The existence or absence of an Australian ‘School’ of international relations is one of the billabongs in the river of argument about Australia’s place in the world. The academics have this specialist dispute to themselves. But it’s an interesting way of getting at the foreign policy dynamics of Australia’s unique geography, regional interests, and roles in the global system.
The players keen to argue these issues go well beyond academia when the problem is posed as a set of cascading questions about what Australia thinks of itself and how it thinks of the world. Scaled like this, the academic wrangle over Australia’s place in the firmament of international relations theory can add tone and texture to louder and larger arguments about our international interests. Step forward, then, Professor James Cotton with his new book, ‘The Australian School of International Relations‘.
The theoretical stoush Cotton is fighting is the claim by other academics that the discipline of International Relations didn’t get up to any sort of speed in Oz until about 1960. The Cotton argument against this claim of Oz intellectual bareness is (my summary, not his): rubbish! And this is where it gets interesting for the non IR reader. Skim the theory and enjoy the great characters and the intriguing plot lines.

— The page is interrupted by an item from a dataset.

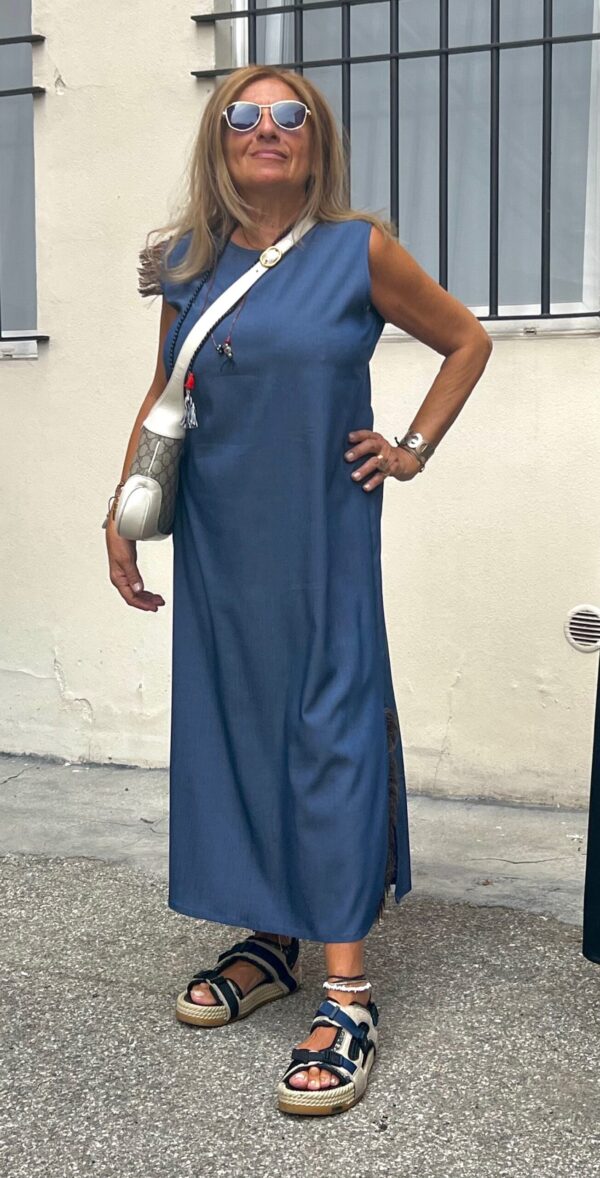 Abito Roma smanicato - CHAMBRAY - immagine 3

Cotton offers eight chapters on eight thinkers he calls the principal members of the ‘Australian School’, all concerned in the period from 1920 to 1960 with ‘the puzzle of Australia’s place in the world’. They were analysts and academics, but also actors on the big stage, moving in and out of government service, and the cast list is recorded at the end of this column.
A couple of the School’s main concerns are settled and gone, even deceased, yet much of the big picture that confronted them can be found in today’s panorama. The puzzle they confronted had two big parts. First, and often dominating discussion, was the Empire/Commonwealth, including issues of British/Australian racial identity and racial exclusion. Second, without too much Empire ambivalence, the Australian school embraced emerging ideas of internationalism and new institutions.

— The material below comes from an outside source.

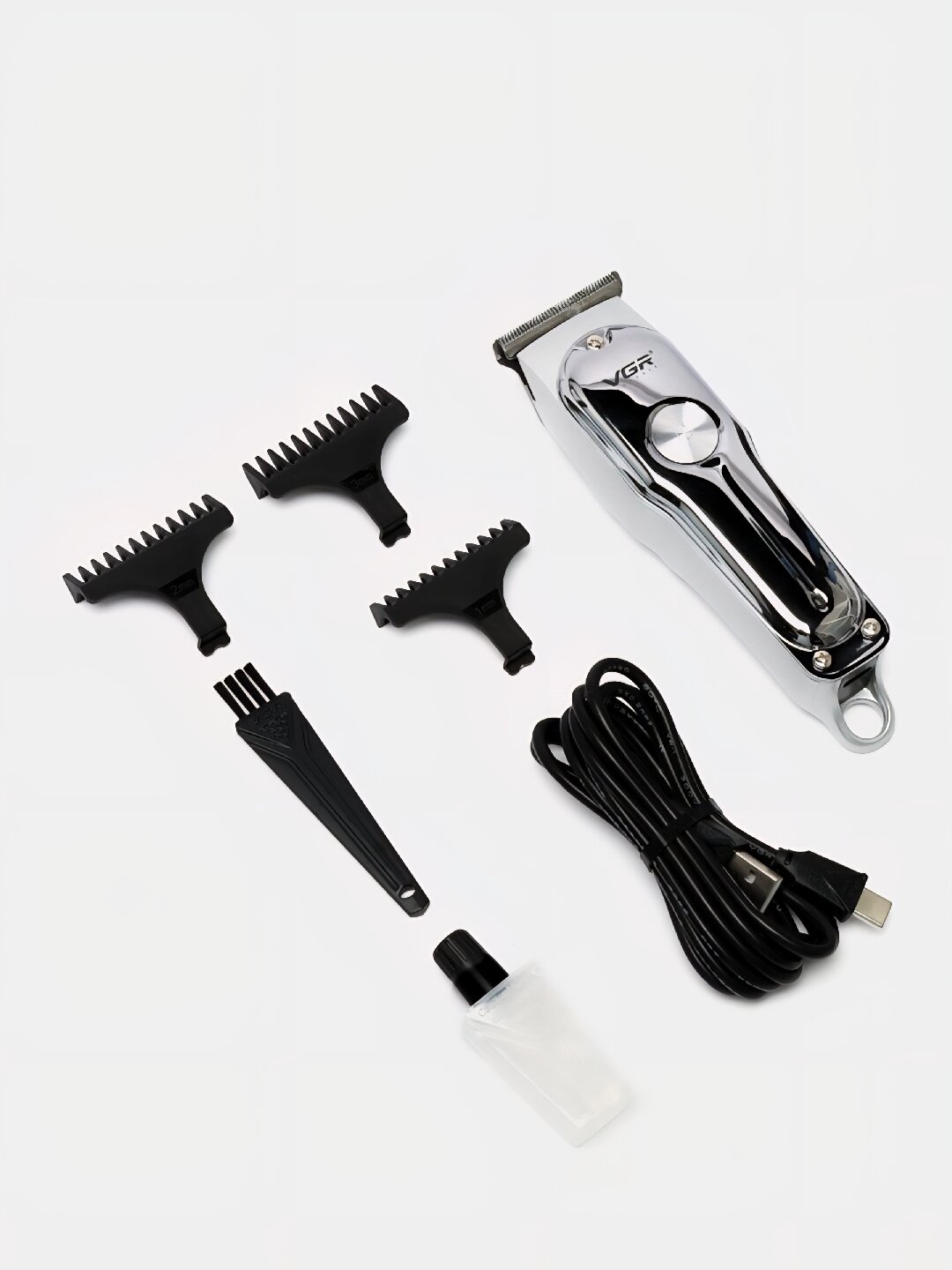 Машинка для стрижки VGR-071 триммер профессиональный аккумуляторная — фото 1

From 1920, as Australia took its seat in the League of Nations, Cotton writes, the School saw the League ‘as a noble experiment, but still an experiment, whereas the Empire was altogether of much greater moment. Britain was a world power still, if a world power in decline.’ One comfort for members of the School was the assumption that the League and Empire/Commonwealth were moving towards the same goal. The most prominent of the School, Frederic Eggleston argued that ‘substantially the League was a device invented by the Anglo-Saxons, and forced by them on European peoples, who would have preferred to retain their arms’, thus seeing the League serving British (and Australian) interests. The Strategist’s recent musings on the Anglosphere would have been seen by the School as a proper discussion of one of their central obsessions.

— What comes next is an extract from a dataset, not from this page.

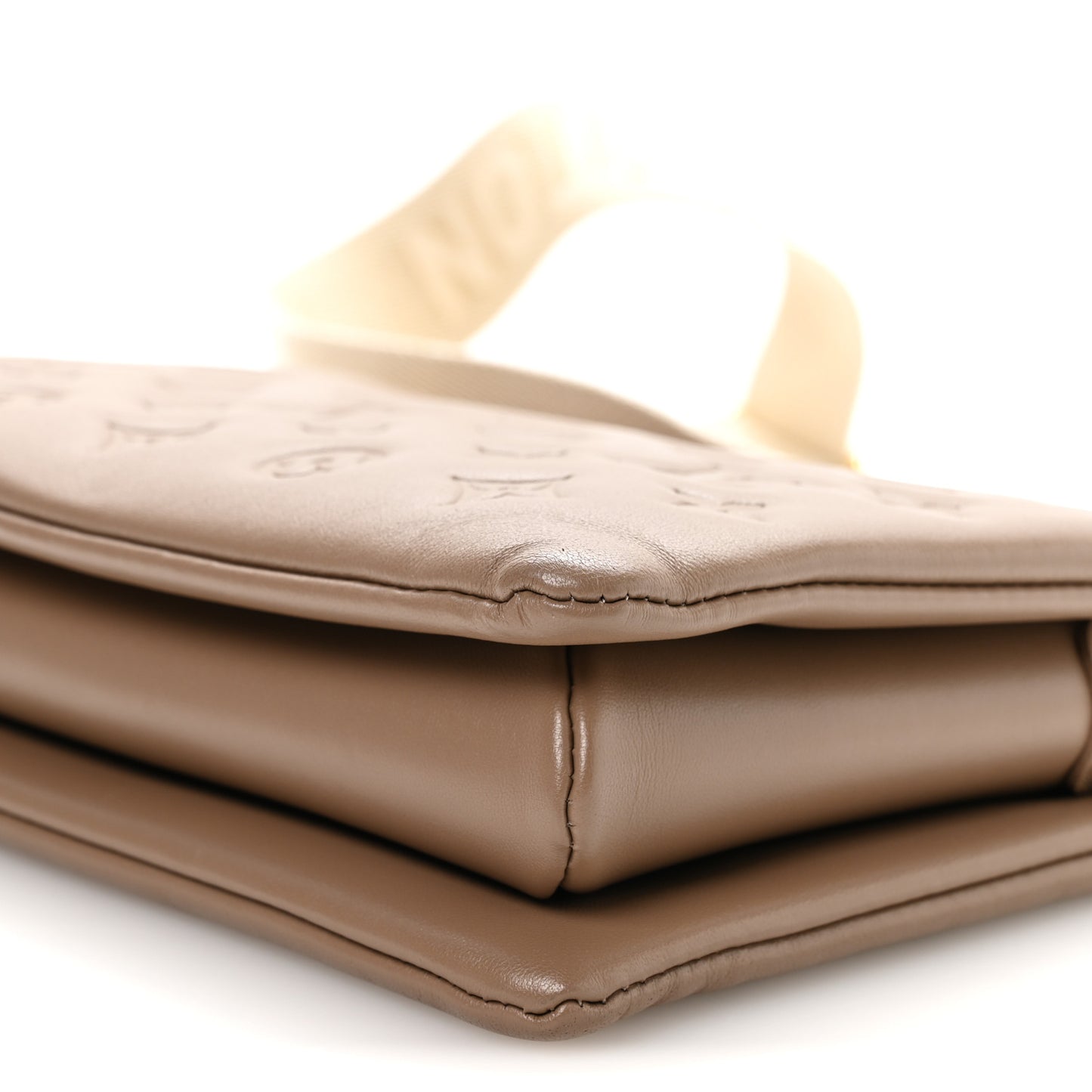 Lambskin Embossed Monogram Coussin PM Taupe Taupe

Cotton doesn’t shirk from one great chasm that separates Australia today from these thinkers of the first half of the 20th Century. They embraced forms of racism and concepts of racial homogeneity that were central to the thinking of Australian Britons and to the White Australia policy:
Whatever internationalist sentiments were expressed by members of the Australian School, this internationalism was qualified on grounds of race. Stated baldly, there were some inhabitants of the world who, neither as individuals nor as members of indigenous polities, could claim full membership of international society. Although some of its more rhetorical flourishes might suggest otherwise, this internationalism was not an internationalism of persons, and thus also fell far short of a more inclusive cosmopolitanism. Australia’s professed role in the Pacific islands was, in part, to raise the standing of the benighted races. Britishness was seen as having a racial component.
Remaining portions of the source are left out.